Have a good time. Converse with the other guests. Use the opportunity to get to know people you don’t ordinarily interact with. Beware of thinking that because it is a social event it’s OK to let your hair down. Dress appropriately, not in the skimpiest, tightest, most revealing clothing. If people focus on your clothing rather than on you, then the clothing is probably inappropriate. Beware of overindulging in food or drink. Enjoy the food, but don’t pile it on your plate like it has to last you for several days. Limit your alcohol consumption or, best yet, choose to stay away from alcoholic beverages altogether. Especially in the hot sun, you could quickly become inebriated. You don’t want your boss to remember you for your inebriation rather than for the great person you really are. Like it or not, the reality is that the event is still a business function, so treat it as such.
Cursing seems to be on the increase in the workplace. What do you think and should people curse at work, in meetings or in front of clients?
The problem with cursing is you never know when it might offend someone else. And if you inadvertently offend someone, their focus turns from you and what you have to offer to why you are so rude. Once I gave a seminar and in the middle of it I said, "Oh my God, what a great question." In an evaluation, one participant wrote, "How dare you take the Lord’s name in vain." At the moment I made my comment I lost the opportunity to build a relationship with that person and have him or her be interested in what I was teaching. I’ve learned to be more careful.
What’s the one thing that recent grads should know before starting their first job?
Understand the culture of the workplace you are about to enter and respect that culture. Don’t walk in trying to change it. If men wear coats and ties, then as a man you should wear a coat and tie. If women are wearing closed-toe shoes, don’t show up in sandals or open-toe shoes. To learn what the culture of the new workplace is, be observant and be willing to ask questions: "Does our manager like to be addressed as Ms. Smith or Jane?"

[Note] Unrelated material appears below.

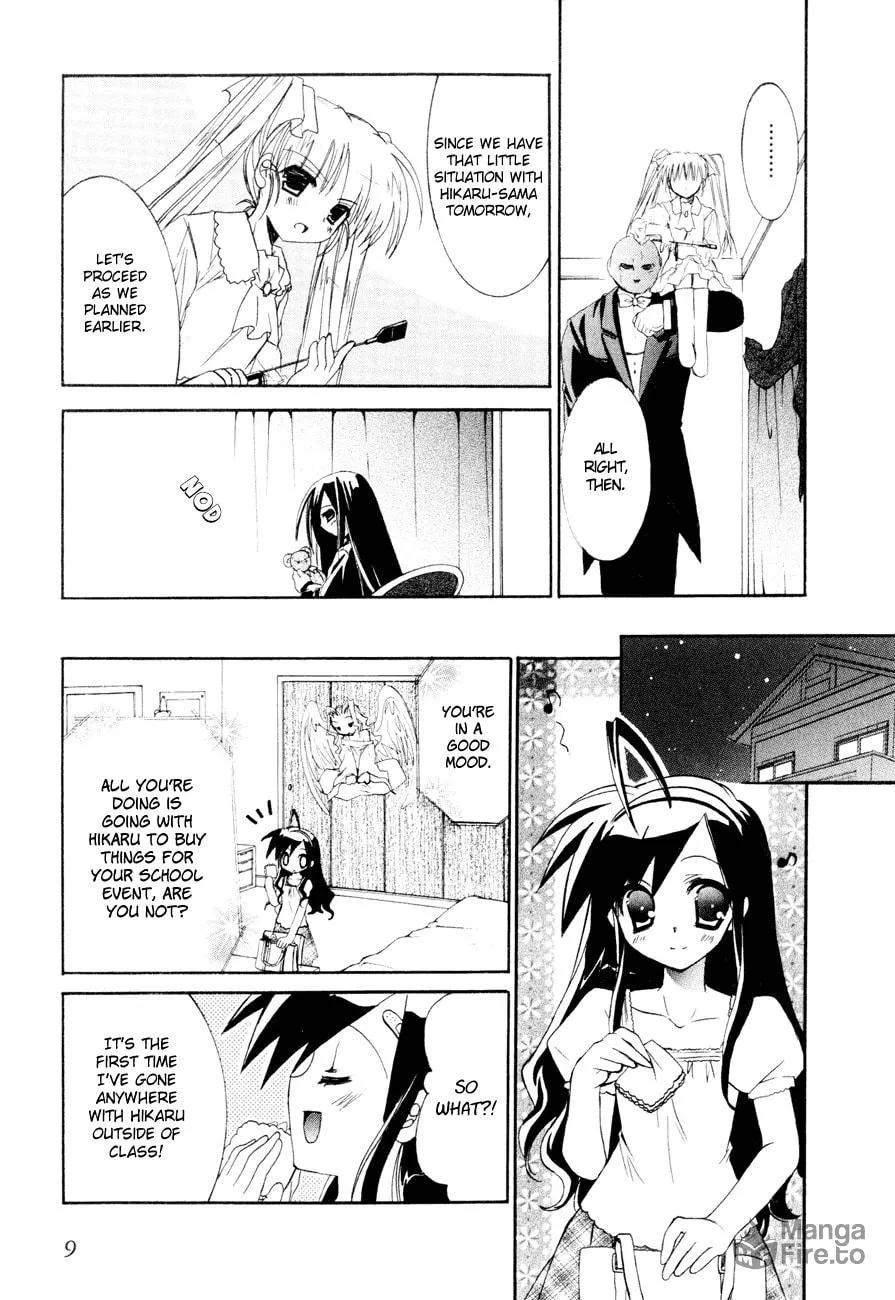 Dei Ecchi Ei Chapter 14 page 10 -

Does the corporate culture largely dictate what etiquette is important, or is it the same no matter where you work?
In terms of being a considerate, respectful and honest person, etiquette is the same. In terms of specific nuances of how things are done, it varies from office to office. It may even vary from department to department within a business. The best example is clothing. In general, it should always be neat, clean, free of stains or odor and in good repair. But clearly the jeans and a pull-over shirt culture at Ben and Jerry’s is as acceptable as the suit, tie and white shirt culture at the most conservative financial institution.
No one seems to use titles anymore when addressing people in e-mails, via phone or in person. Should we be that casual with everyone, or does it depend on the person you are addressing?
If you don’t know the person, it is best to err on the conservative side and use title plus last name. When you first meet someone, it is always easy and comfortable to say, "It’s a pleasure to meet you, Ms. Jones." Ms. Jones can either let the use of Ms. stand, or she can say, "Please, call me Tanya." That approach is preferable to calling her Tanya and discovering later on that she prefers Ms. Jones.
A little common sense goes a long way. If the person is older than you, if the person has a higher position than you, if the person has a special title (like Mr. Ambassador) you would use the title plus last name.